Dans un mouvement stratégique qui pourrait redessiner la carte des investissements miniers en République démocratique du Congo, Alphamin Resources Corp. vient de céder sa participation majoritaire à un acteur du Golfe. L’annonce tombée ce jeudi depuis le siège mauricien de la société révèle la vente de 718 990 967 actions ordinaires – représentant 56% du capital – à International Resource Holding (IRH), basée à Abou Dhabi. Le montant de la transaction s’élève à 503 millions de dollars canadiens (367 millions USD), soit un prix unitaire de 0,70 dollar canadien sous réserve d’ajustements techniques.
Cette opération financière d’envergure intervient dans un contexte opérationnel particulièrement sensible pour Alphamin, dont l’activité phare reste la mine d’étain de Bisié, située dans le territoire de Walikale au Nord-Kivu. Après l’évacuation d’urgence du personnel le 13 mars 2025 face à l’avancée du groupe armé M23, la société avait entamé une remobilisation progressive de ses effectifs mi-avril, suite au recul des combattants à plus de 130 km du site minier.
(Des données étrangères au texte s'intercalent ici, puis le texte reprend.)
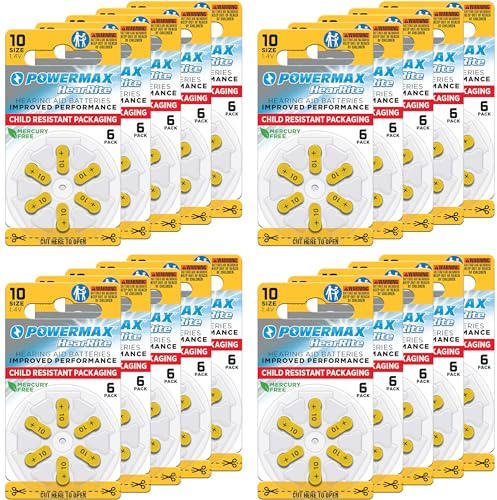 Powermax Size 10 Hearing Aid Batteries, 120 Count Long-Lasting Battery Pack, Yellow Long Tab for Easy Change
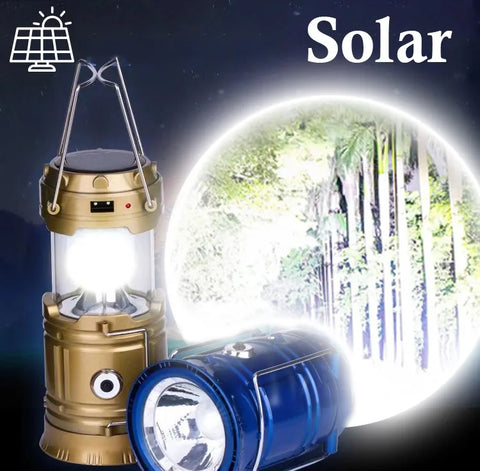 Solar LED Portable Lantern Telescopic Torch Lamp Multi-function Outdoor Camping Emergency Tent Lamp Outdoor Lighting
Or, Bisié n’est pas un actif quelconque : avec environ 6% de la production mondiale d’étain, cette installation constitue un pilier du marché global des métaux industriels.
Qui est l’acquéreur IRH ? Cette société se présente comme un spécialiste de la sécurisation et de l’optimisation des chaînes d’approvisionnement en métaux, un profil particulièrement adapté aux défis logistiques que pose l’exploitation minière dans l’Est congolais. La finalisation de l’accord reste néanmoins suspendue à plusieurs conditions préalables, notamment l’obtention des approbations réglementaires tant congolaises qu’internationales. Le conseil d’administration d’Alphamin mène actuellement une évaluation approfondie des implications opérationnelles et stratégiques de cette cession.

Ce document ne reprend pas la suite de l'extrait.